HMC and VIO Update Tips
IBM Champion Jaqui Lynch talks about HMC and VIO upgrade lessons she has learned in 2024 so far
2024 has been a busy year so far with many HMC and VIO updates. During that time, I have run into a few issues that I thought I would share so that others don’t have to open cases with IBM for the same things.
Environment
When working on a pair of VIO servers, it is easy to get confused as to which one you are on. To avoid this, I set the following in /etc/environment for vio1 and change it to vio2 when I am on vio2:
EDITOR=vi
PS1="vio1$: "
Then after I type in oem_setup_env, I type:
export PS1="vio1#: "
This makes it easy for me to distinguish which VIO I am working on. Since I copy and paste everything I do into documentation, it also makes it clear where I put the commands.
Using Snap With a VIO Server
Whenever I run into a problem on a VIO server I automatically take a snap on both VIO servers, and I upload the snaps as soon as I open the case.

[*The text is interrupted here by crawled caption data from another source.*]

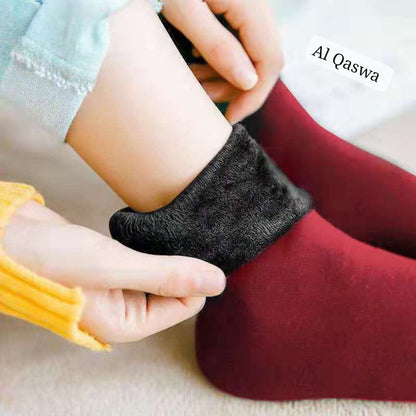 Warm Socks inner falalen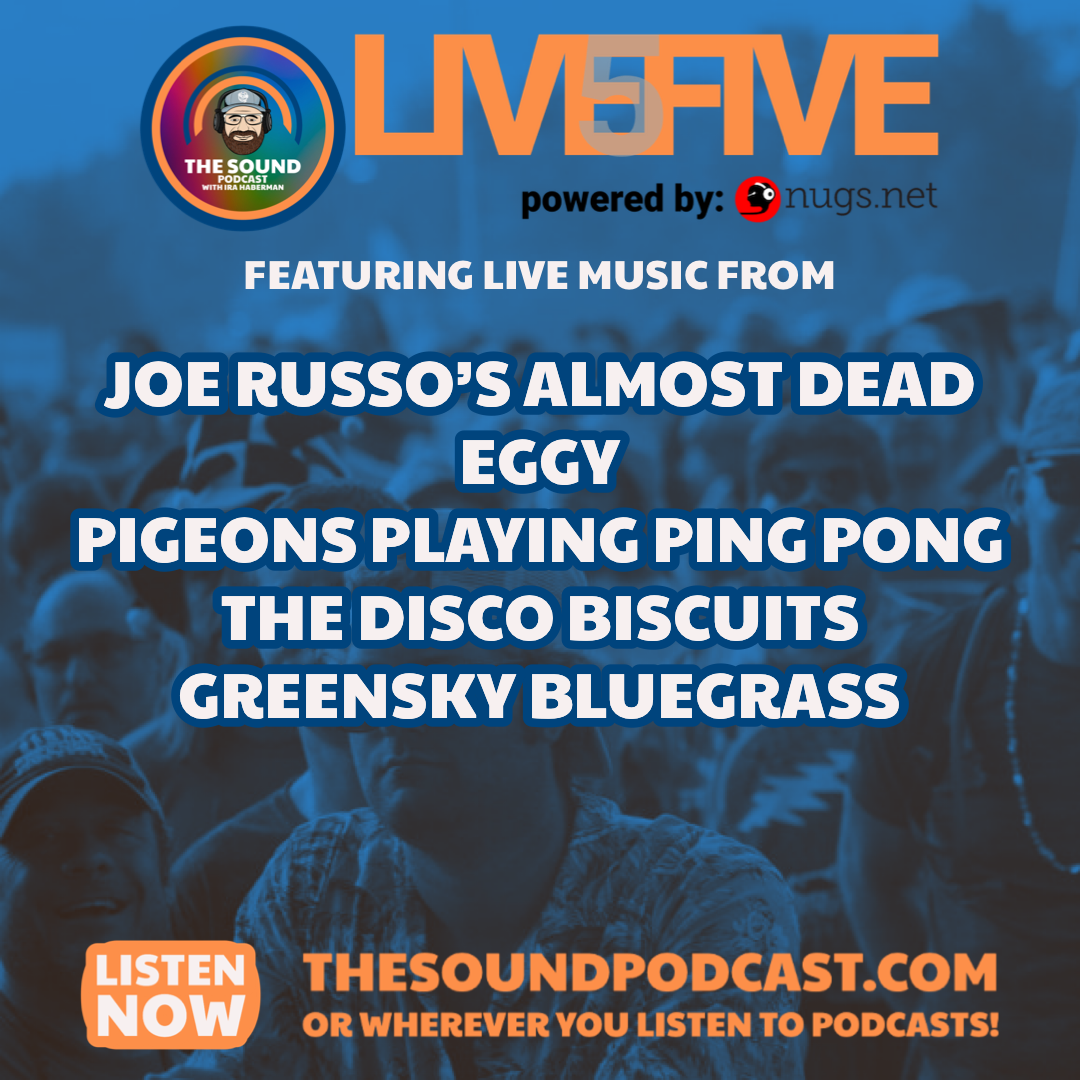 Live 5 - January 11, 2022.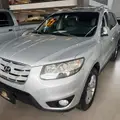 HYUNDAI SANTA FÉ 3.5 MPFI GLS 7 LUGARES V6 24V 285CV GASOLINA 4P AUTOMÁTICO HYUNDAI SANTA FÉ 3.5 MPFI GLS 7 LUGARES V6 24V 285CV GASOLINA 4P AUTOMÁTICO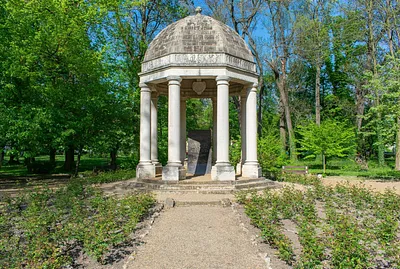 Helikon park – Keszthely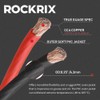ROCKRIX - Juego de cables de audio de coche de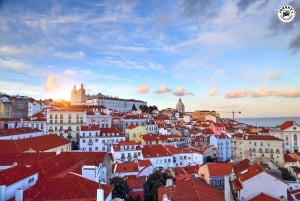 LISSABON: VERKEN DE OUDE STAD ALFAMA MET EEN ELEKTRISCHE TUK TUK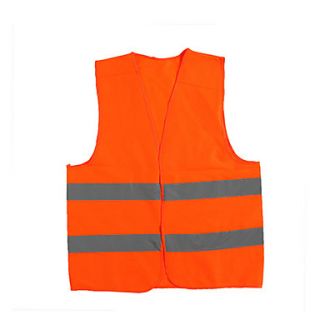 Safe Reflecting Light Protection Vest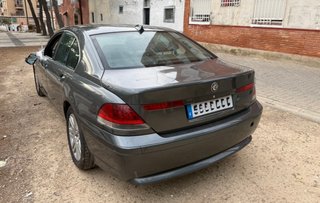 BMW Serie 7 2005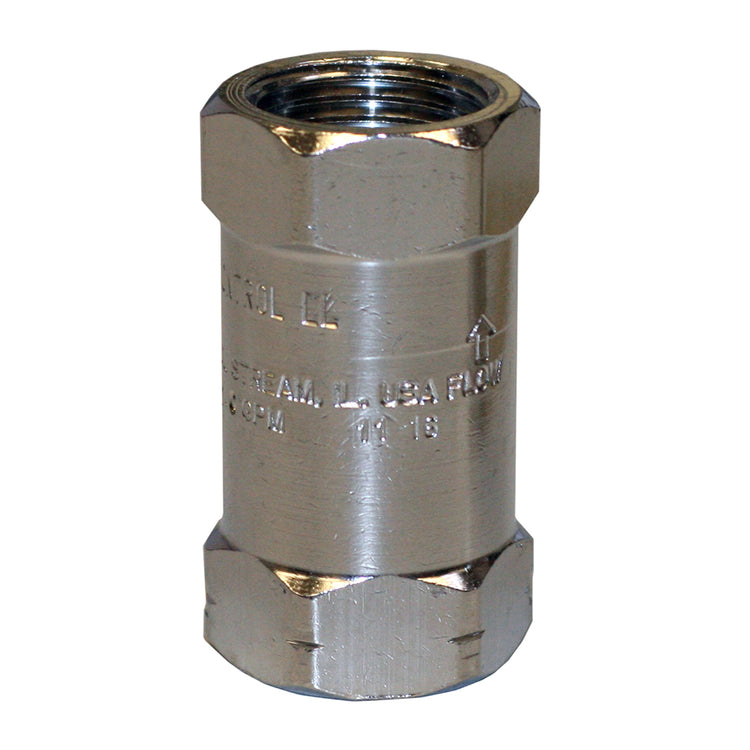 Flow Control Valves – Brass & Stainless Steel, Multiple GPM Options | FRG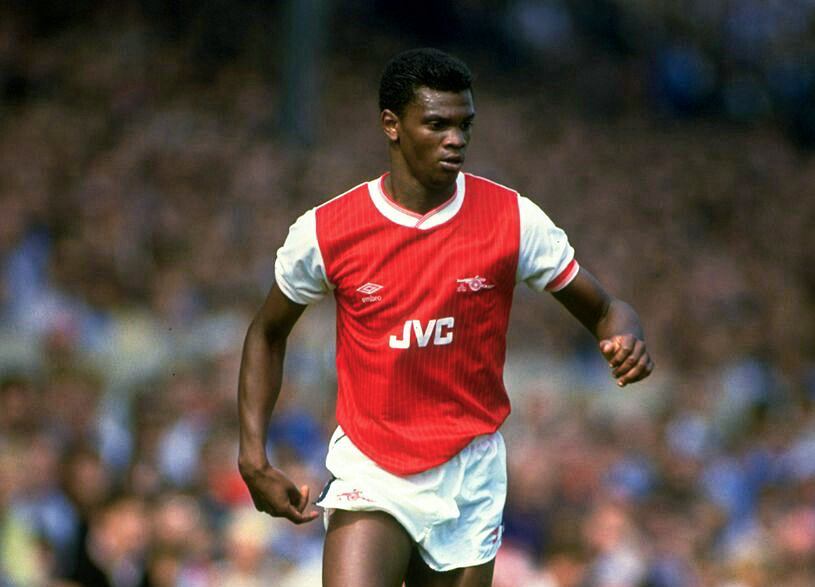 Paul Davis the Arsenal midfielder ahead of his time who remains one of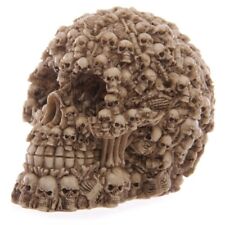 Totenköpfe Design Totenkopf-Figur Totenschädel Skull  Schädel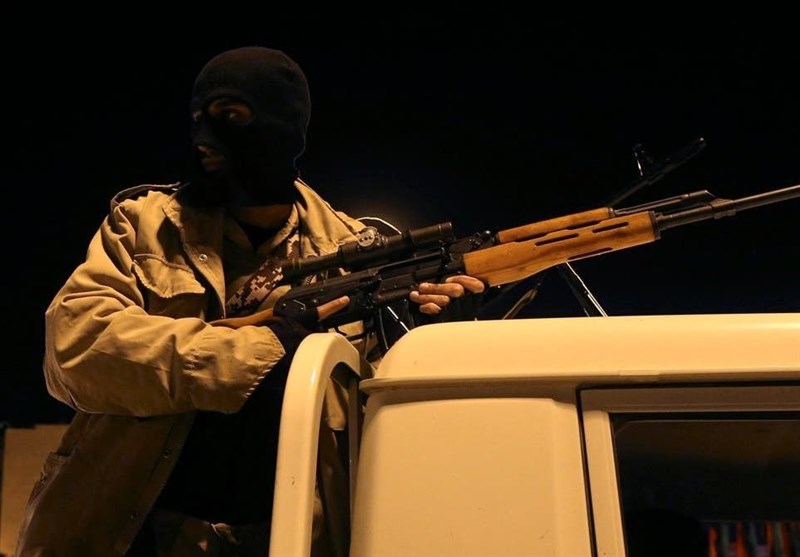 שוב סכסוך במחנה המחבלים הסורים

This saves me time, as IBM will nearly always ask for a snap when you report an issue.
Find details on using Testcase for a VIO here, and details for using snap here.

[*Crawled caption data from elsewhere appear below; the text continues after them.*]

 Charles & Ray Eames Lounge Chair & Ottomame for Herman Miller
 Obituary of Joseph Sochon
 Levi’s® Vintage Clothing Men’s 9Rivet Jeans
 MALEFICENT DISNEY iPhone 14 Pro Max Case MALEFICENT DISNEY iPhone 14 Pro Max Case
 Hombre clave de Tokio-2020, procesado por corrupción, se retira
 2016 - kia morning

The first step for me is to clear out any old snaps—this is done as root:
#snap -r
Then as padmin you run the snap command:
$snap
The snap output will be in /home/padmin and you will need to rename it to the case and VIO name before uploading it.
Typically this is done as follows:
mv /home/padmin/snap.pax.Z
/home/padmin/TS<xxxxxxxxx>.VIOS_partition_name.snap.pax.Z
You can then upload it to IBM—I typically download it to my desktop and then use the upload option to upload it directly into the case, but you can also follow this procedure from the IBM Support pages.
Upgrades to VIO 4.1.0.10
I have been doing a lot of upgrades lately from VIO servers at 3.1.3.14 and higher. During that time, I have run into a couple of issues that you can avoid.
I always check errpt and I also make sure the current running configuration has been saved into the profile just in case someone made dynamic changes that have not been saved. I had one instance where fibre adapters had been added dynamically but they were not in the profile. When I reactivated the VIO we lost them. Luckily, I had an HMCScanner report and had saved the output of “lsmap -all -npiv” so was able to quickly resolve it.
Prior to the upgrade I fully document the VIO server noting how the SEA, etc are configured and saving the output to at least the following commands:
As padmin:
ioslevel
lsmap -all -npiv
lsmap -all -npiv | grep vfchost
lsmap -all -npiv | grep fcs
lsmap -all -npiv | grep fcs | wc -l
lsmap -all | grep vhost
lsvopt
lspv -size
lspv
lsnports
lsrep
As root:
ifconfig -a
Note down all the settings such as IP, gateway and subnetmask.
lsdev -C | grep Shared
lsattr -El ent6 | grep ent
lsattr -El ent5 | grep ent
In the commands above, change ent6 to the SEA adapter and ent5 to the aggregate adapter.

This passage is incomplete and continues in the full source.